[Task directions] Would you reproduce the whole listing exactly, dropping any pictures it holds?

[Given data]
+ + + +

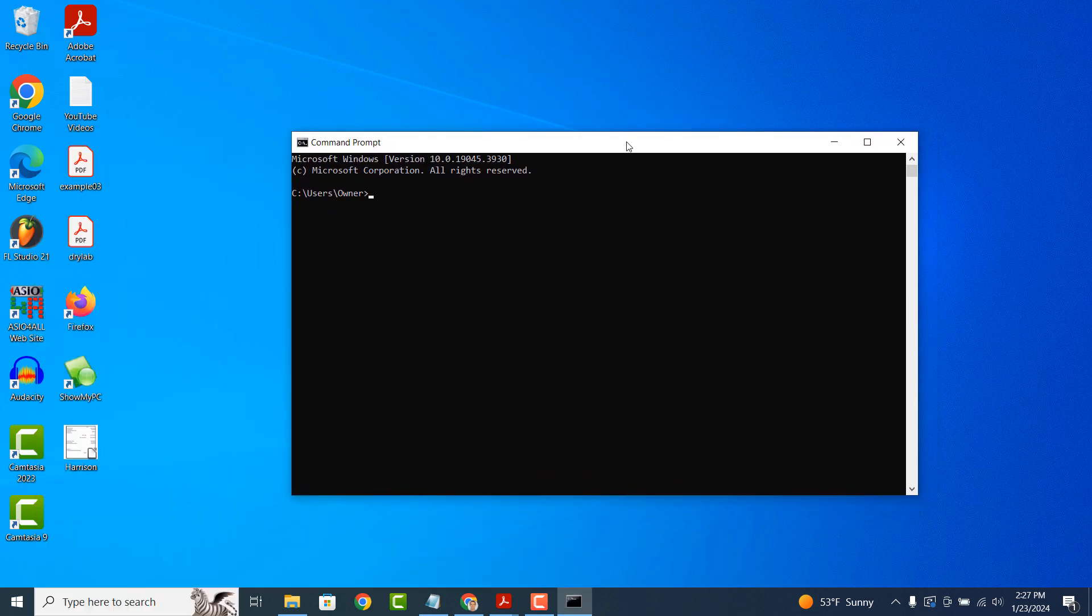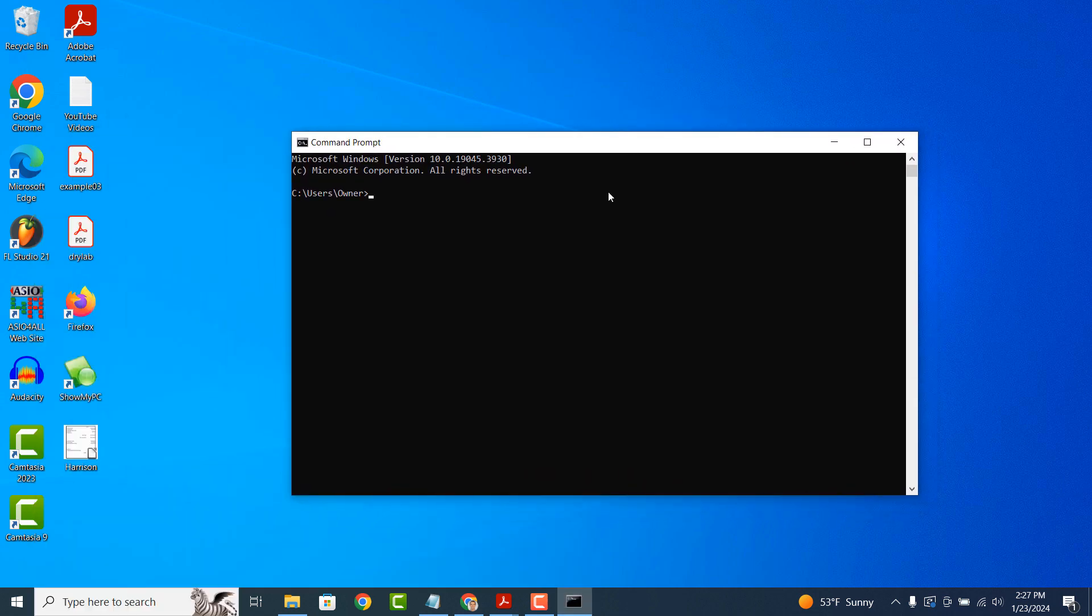Now type in the following command: wmic bios get version, and hit the enter key on your keyboard.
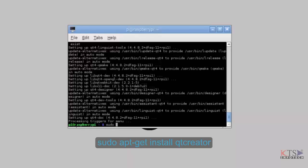Next, run the command sudo apt-get install Qt Creator. It will download and install the Qt Creator.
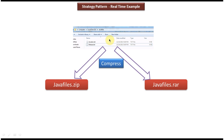So for this particular requirement there are two solutions. I can use solution 1 or solution 2 to compress the file and send it to the client. As per the strategy design pattern, for a particular problem there will be multiple solutions, and which one will be used will be decided by the client at runtime.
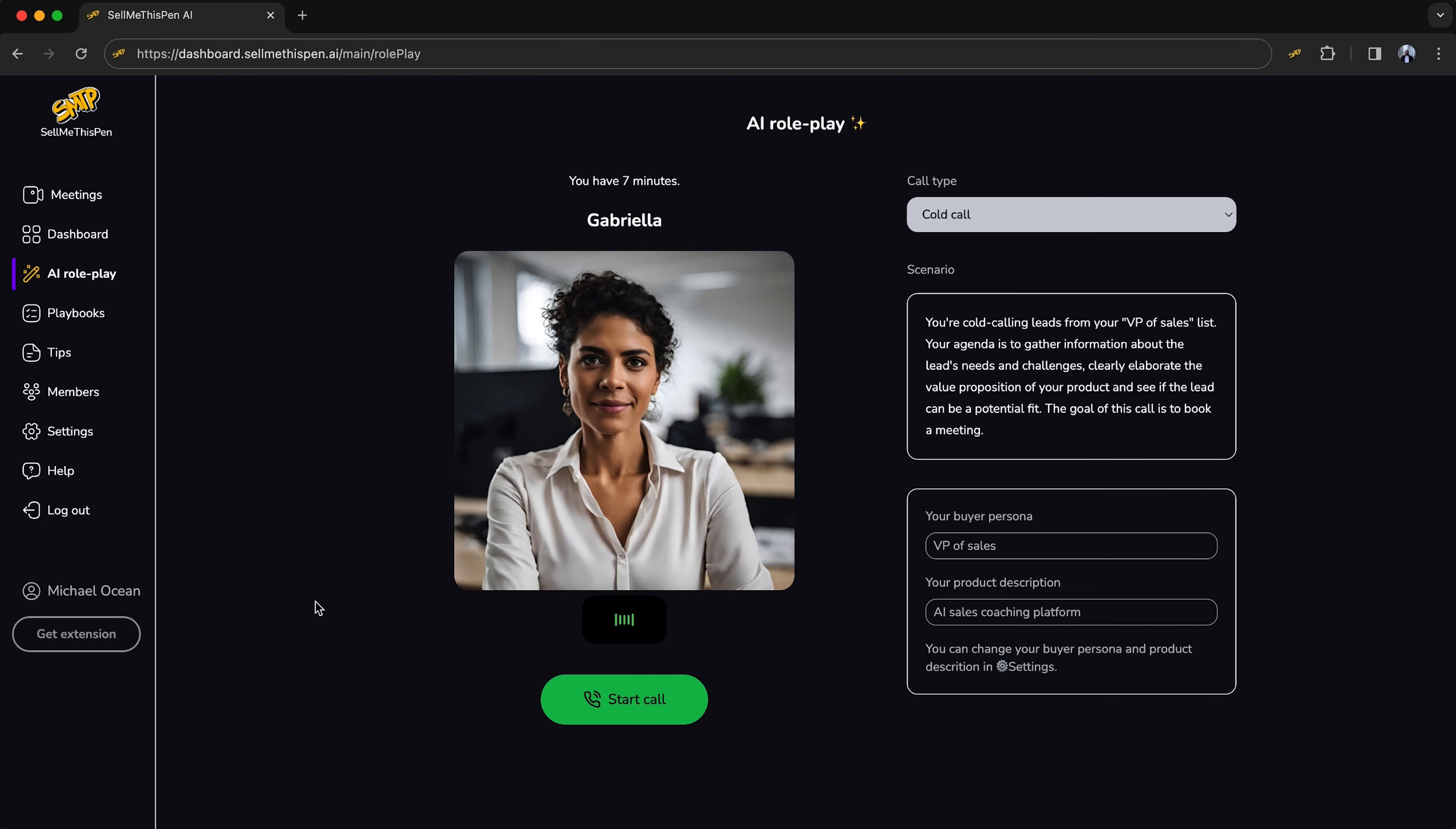Sell Me This Pen AI is an AI coaching platform to help sales teams sharpen their skills, close more deals, and automate non-revenue tasks.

+ + + +

[Written answer]
Now type in the following command: wmic bios get version, and hit the enter key on your keyboard.
Next, run the command sudo apt-get install Qt Creator. It will download and install the Qt Creator.
So for this particular requirement there are two solutions. I can use solution 1 or solution 2 to compress the file and send it to the client. As per the strategy design pattern, for a particular problem there will be multiple solutions, and which one will be used will be decided by the client at runtime.
Sell Me This Pen AI is an AI coaching platform to help sales teams sharpen their skills, close more deals, and automate non-revenue tasks.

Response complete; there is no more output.